Dictionnaire des Oeuvres des littératures de langue française (Couty et Beaumarchais), Paris, Bordas, 1994

 

 
 


roman de l'écrivain martiniquais Edouard Glissant (né en 1928), édité en 1964 (Seuil).

Dans sa recherche, ouverte par La Lezarde, des origines de la société antillaises, Glissant parcourt en tous sens cet espace historique et pénétre dans "l'antre du bateau négrier" et dans la plantation. Le roman met en scéne les rapport triangulaires conflictuels établis entre les maîtres, les esclaves mais aussi les marrons. En prenant en compte cette derniére catégorie longtemps passée sous silence et en lui donnant la parole, Glissant illumine d'un éclat nouveau la patiente remontée dans l'imaginaire antillais qui est aux fondements de son oeuvre
.
La Pointe des Sables. Héritier d'une longue tradition, Papa Longoué entreprend de faire découvrir à Mathieu Béluse l'histoire de leurs origines. Aprés lui avoir rappelé les liens entre leurs familles, il remonte à l'arrivée du navire négrier, la Rose-Marie, qui arrive en 1788 à Fort-de-France, transportant les deux ancêtres qu'une sourde et violente rivalité oppose. On apprendra plus tard que l'un a permis la capture de l'autre, avant d'être lui-même emporté. Le vieillard s'étend longuement sur l'horreur du voyage et la traite. Les deux hommes sont vendus à deux propriétaires rivaux, La Roche et Senglis. Mais dés son arrivée sur la plantation de La Roche, l'esclave qui prendra le nom de Longoué s'enfuit dans un morne, libéré par une jeune femme, Louise, qui deviendra sa femme. L'autre esclave est acheté par Senglis pour servir, sur l'ordre de sa femme, qui est aussi la maîtresse de La Roche, à la reproduction, au "bel usage", par quoi il reçoit son nom de Beluse, tandis qu'une des deux femmes qui l'accompagnent est emmenée par un géreur, Targin. Longoué songe toujours, même aprés la naissance de son fils Melchior (en 1791), à se venger de Beluse. Il rencontre en 1798 La Roche qui remet à Longoué divers objets que se transmettront ses descendants. Le lecteur apprend également que Louise est la fille de La Roche, et que les descendants de Longoué auront la peau de plus en plus claire. Longoué a un second fils, Liberté, en 1792 et Beluse un fils, Anne, en 1794.
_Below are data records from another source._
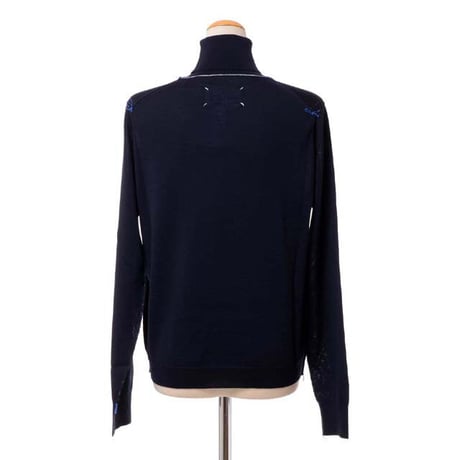 メゾン マルジェラ Maison Margiela ハイネックセーター ハイゲージメリノウール ネイビー
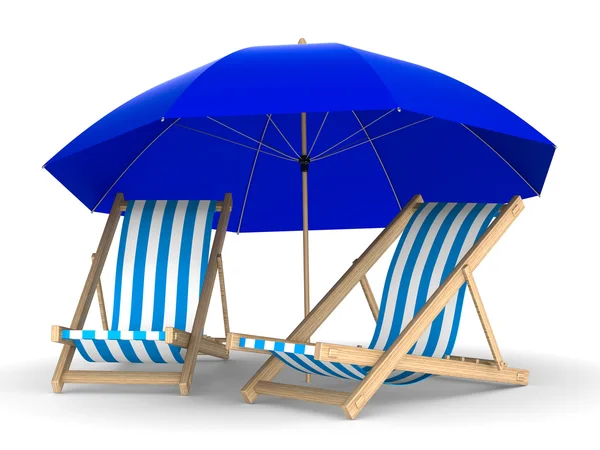 Two deckchair and parasol on white background. Isolated 3D image — Stock Photo, Image
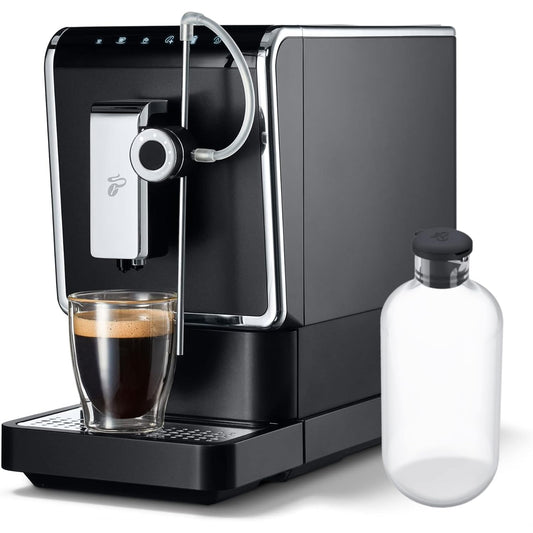 Tchibo coffee machine Esperto Pro with matching glass milk carafe, perfect for Caffè Crema, Espresso, and milk specialties, 600ml milk container, anthracite color.
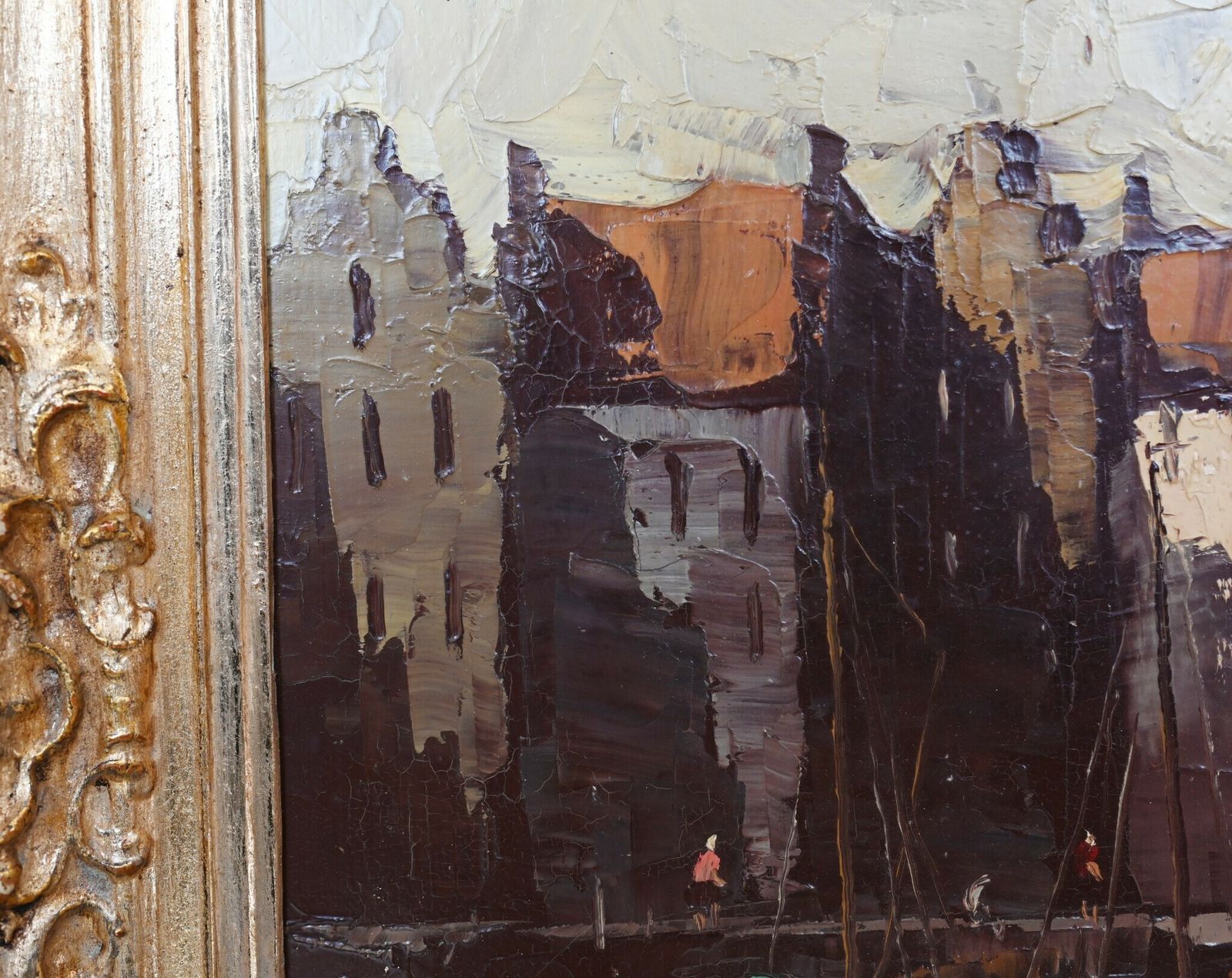 German Expressionist Oil Painting Canal Scene After Hein Hoppmann photo furniture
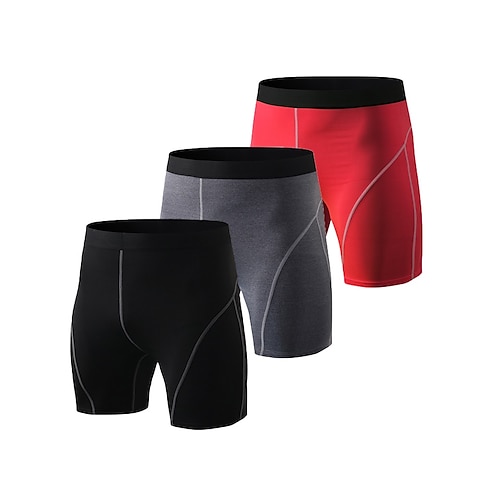 

Men's Compression Shorts Compression Pants 3 Pack Compression Clothing Athletic Athleisure Spandex Breathable Quick Dry Soft Fitness Gym Workout Running Sportswear Activewear Solid Colored Black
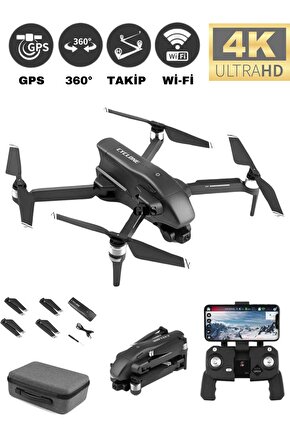 Q868 4k Full Hd 3 Km Menzil Çift Eksen Gimbal Kameralı Drone Katlanabilir Kameralı Profesyonel Drone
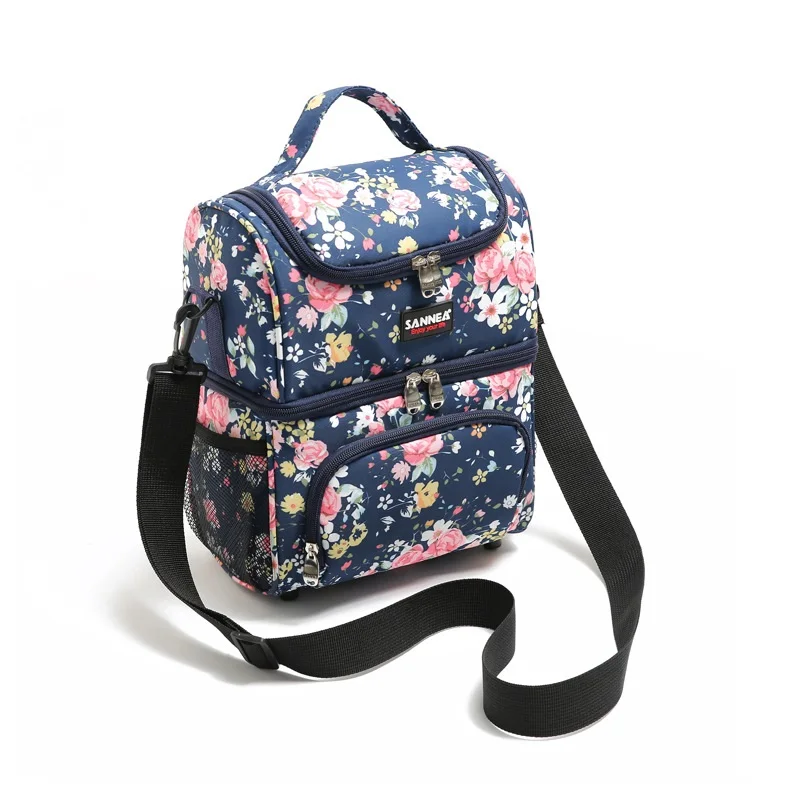 

8.5L Double-deck Thermal Bag Flower Pattern Beach Cooler Waterproof Oxford Bottle Ice Box Camping Food Thermo Insulated Bag
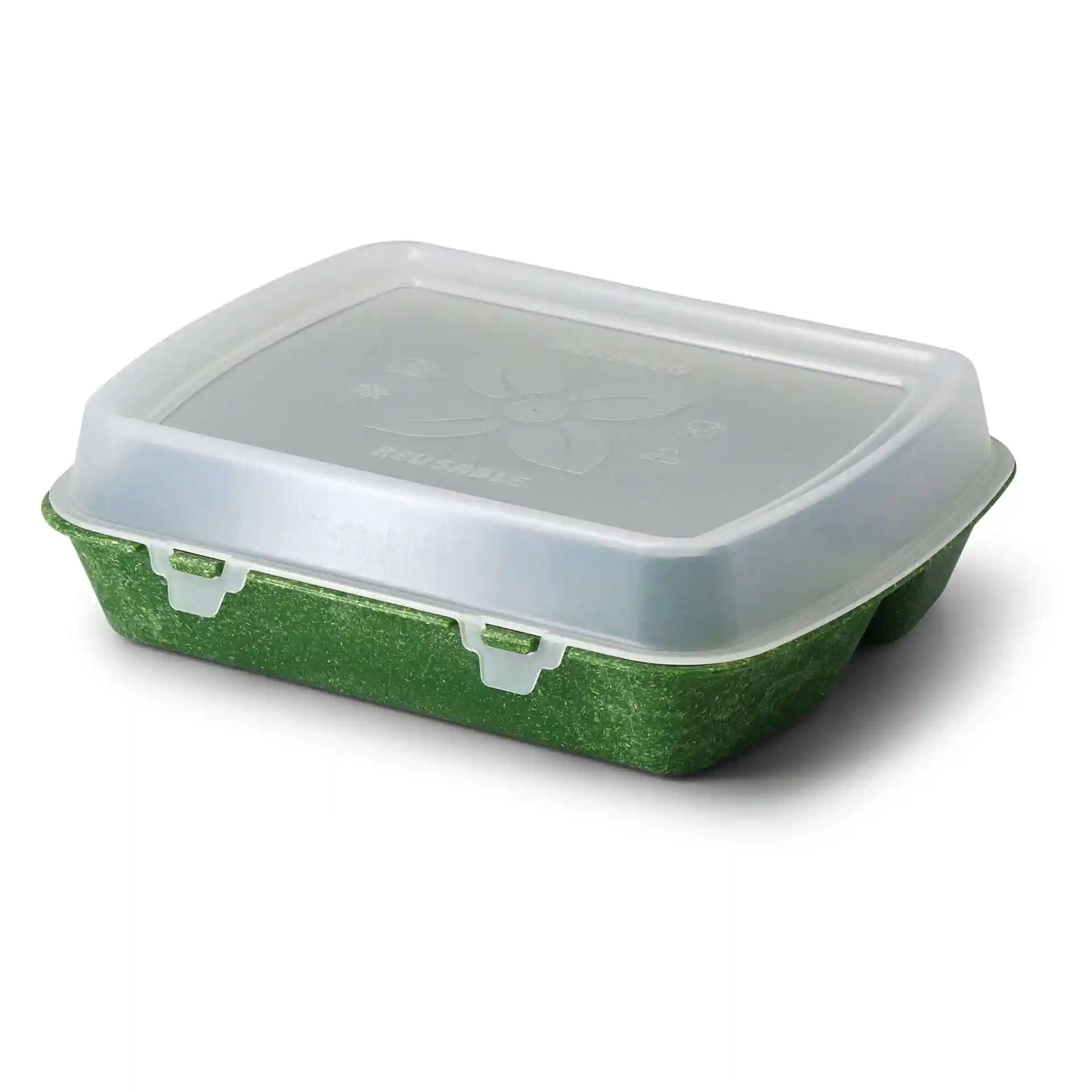 Conteneur de repas réutilisable avec trois compartiments, vert épinard et vert foncé, avec un couvercle transparent.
Roche carrée. Melchior suit les traces de son pére, en devenant quimboiseur. Désirant la même femme que lui, Anne tue Liberté en 1831 et attendra une vengeance de Melchior. Ce dernier prend pour femme la fille d'un couple de marrons, dont il aura une fille (1833), Liberté, l'aïeule des Celat et un fils (1835), Apostrophe. Ce dernier vivra, à partir de 1858 avec Stéphanise, la fille de Anne Beluse, qui aura un frére en 1835, Saint-Yves, et qui partira défricher, aprés l'abolition de l'esclavage (1848) de nouvelles terres. La Roche meurt sur le Rose-Marie, venu livrer une cargaison clandestine d'esclaves, alors que des commis distribuent et imposent des noms aux esclaves libérés.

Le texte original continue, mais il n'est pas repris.